"It's time to burn the beret and bury the blue dress," Monica Lewinsky, now 40, writes in a Vanity Fair essay due for digital release today. All I can say is: You go, girl.
The 1998 revelation of L'Affaire Lewinsky and its fallout should have made one thing clear to American women. Forget "You've come a long way, baby." When husbands cheat, the other woman usually ends up the odd man out.
Bill Clinton's presidency and poll ratings survived his self-serving definition of sex. Hillary Clinton had to live with her husband's betrayal, but the scandal helped boost her career from first lady who blamed "a vast right-wing conspiracy" to U.S. senator to presidential front-runner and then to secretary of state.

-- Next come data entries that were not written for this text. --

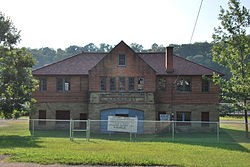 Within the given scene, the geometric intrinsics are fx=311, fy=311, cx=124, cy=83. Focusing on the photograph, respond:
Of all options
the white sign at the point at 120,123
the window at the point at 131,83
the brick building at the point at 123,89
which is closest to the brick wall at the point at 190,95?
the brick building at the point at 123,89

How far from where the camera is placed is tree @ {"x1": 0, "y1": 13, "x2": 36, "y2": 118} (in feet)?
83.0

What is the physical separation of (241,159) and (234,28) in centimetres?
1476

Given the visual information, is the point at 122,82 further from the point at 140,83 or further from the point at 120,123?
the point at 120,123

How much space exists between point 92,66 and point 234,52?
17155mm

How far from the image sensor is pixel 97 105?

Lewinsky's professional life did not fare so well. In the first few years after the scandal, she gave interviews that demonstrated how clueless and reckless she had been in hooking up with the "big creep."

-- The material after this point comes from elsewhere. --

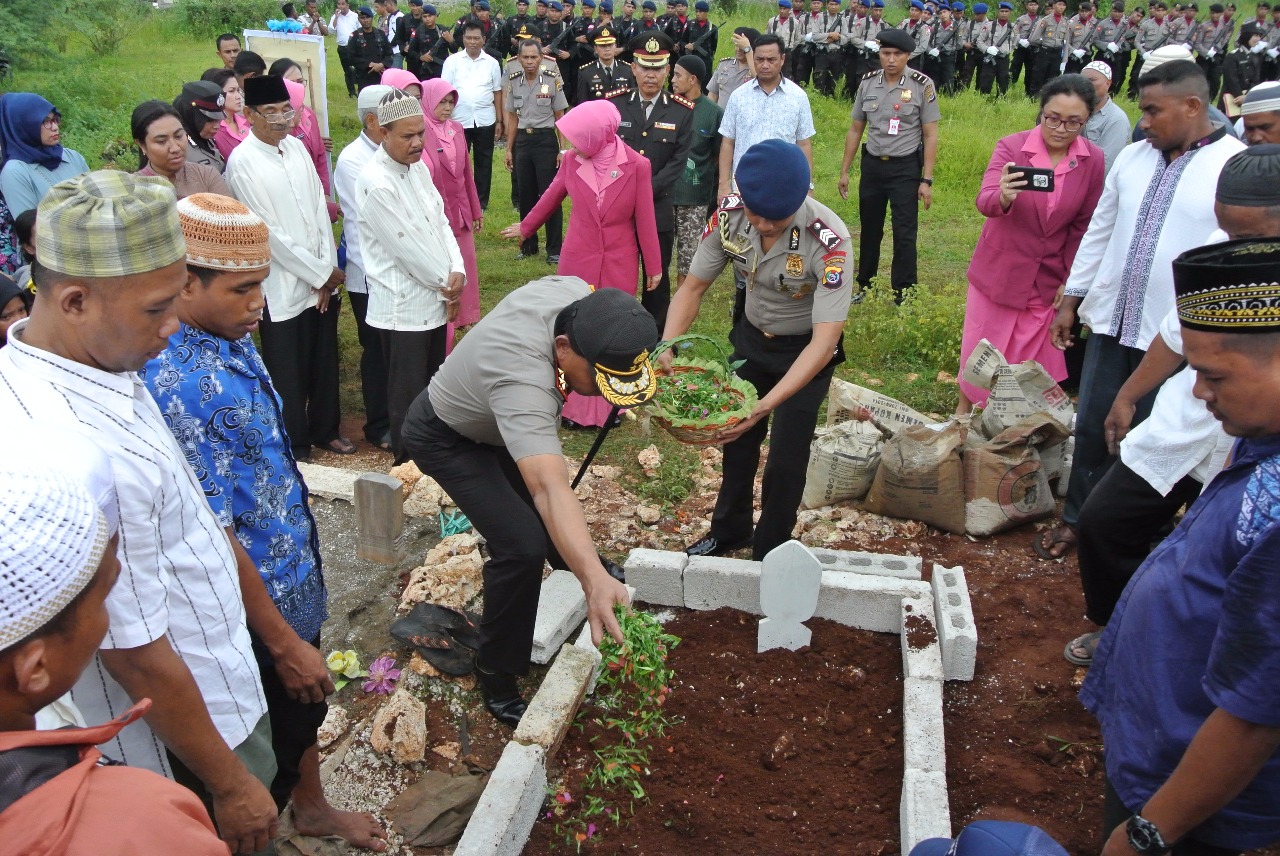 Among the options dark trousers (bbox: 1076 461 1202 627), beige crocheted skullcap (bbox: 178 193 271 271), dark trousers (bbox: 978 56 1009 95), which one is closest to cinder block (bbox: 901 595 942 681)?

Largely silent over the past decade, "that woman, Miss Lewinsky," has wised up. "I look back now," she writes, "and shake my head in disbelief, and wonder: what was I -- what were we -- thinking? I would do anything to go back and rewind the tape."
A gal's gotta make a living. Lewinsky used her name to peddle handbags and a weight-loss program. She earned a master's in social psychology at the London School of Economics, but the world wouldn't let her keep a low profile.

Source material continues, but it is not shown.